**Assignment:** In the entries that follow, find the line containing "Illex DD-Chubby 38F"; from there, copy every line exactly through the line containing "Gebraucht Mercedes EQS580".

Crawled caption data:
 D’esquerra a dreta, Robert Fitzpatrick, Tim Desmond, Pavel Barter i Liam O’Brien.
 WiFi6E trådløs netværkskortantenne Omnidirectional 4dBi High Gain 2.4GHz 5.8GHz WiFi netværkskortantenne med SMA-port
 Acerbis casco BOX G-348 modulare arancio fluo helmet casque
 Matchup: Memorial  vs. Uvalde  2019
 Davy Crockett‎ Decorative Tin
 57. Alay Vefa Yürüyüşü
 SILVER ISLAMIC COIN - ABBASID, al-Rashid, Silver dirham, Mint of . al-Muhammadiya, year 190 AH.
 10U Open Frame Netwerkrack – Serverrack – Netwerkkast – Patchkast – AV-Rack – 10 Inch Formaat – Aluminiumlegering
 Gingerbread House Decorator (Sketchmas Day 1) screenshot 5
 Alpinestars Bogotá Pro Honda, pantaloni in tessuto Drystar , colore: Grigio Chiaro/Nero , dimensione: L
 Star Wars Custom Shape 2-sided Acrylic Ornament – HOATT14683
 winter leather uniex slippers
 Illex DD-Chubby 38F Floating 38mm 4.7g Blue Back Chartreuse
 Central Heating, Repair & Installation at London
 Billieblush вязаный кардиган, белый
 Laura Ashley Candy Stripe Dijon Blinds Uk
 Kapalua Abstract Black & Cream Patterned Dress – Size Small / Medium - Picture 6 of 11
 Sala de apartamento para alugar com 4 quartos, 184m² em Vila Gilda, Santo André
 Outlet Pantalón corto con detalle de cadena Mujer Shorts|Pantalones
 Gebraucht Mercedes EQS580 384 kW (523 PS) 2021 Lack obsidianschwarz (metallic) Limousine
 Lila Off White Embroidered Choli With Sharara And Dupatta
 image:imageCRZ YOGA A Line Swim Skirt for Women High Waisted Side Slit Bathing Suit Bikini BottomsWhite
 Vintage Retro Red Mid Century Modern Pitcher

**Answer to this problem:**
 Illex DD-Chubby 38F Floating 38mm 4.7g Blue Back Chartreuse
 Central Heating, Repair & Installation at London
 Billieblush вязаный кардиган, белый
 Laura Ashley Candy Stripe Dijon Blinds Uk
 Kapalua Abstract Black & Cream Patterned Dress – Size Small / Medium - Picture 6 of 11
 Sala de apartamento para alugar com 4 quartos, 184m² em Vila Gilda, Santo André
 Outlet Pantalón corto con detalle de cadena Mujer Shorts|Pantalones
 Gebraucht Mercedes EQS580 384 kW (523 PS) 2021 Lack obsidianschwarz (metallic) Limousine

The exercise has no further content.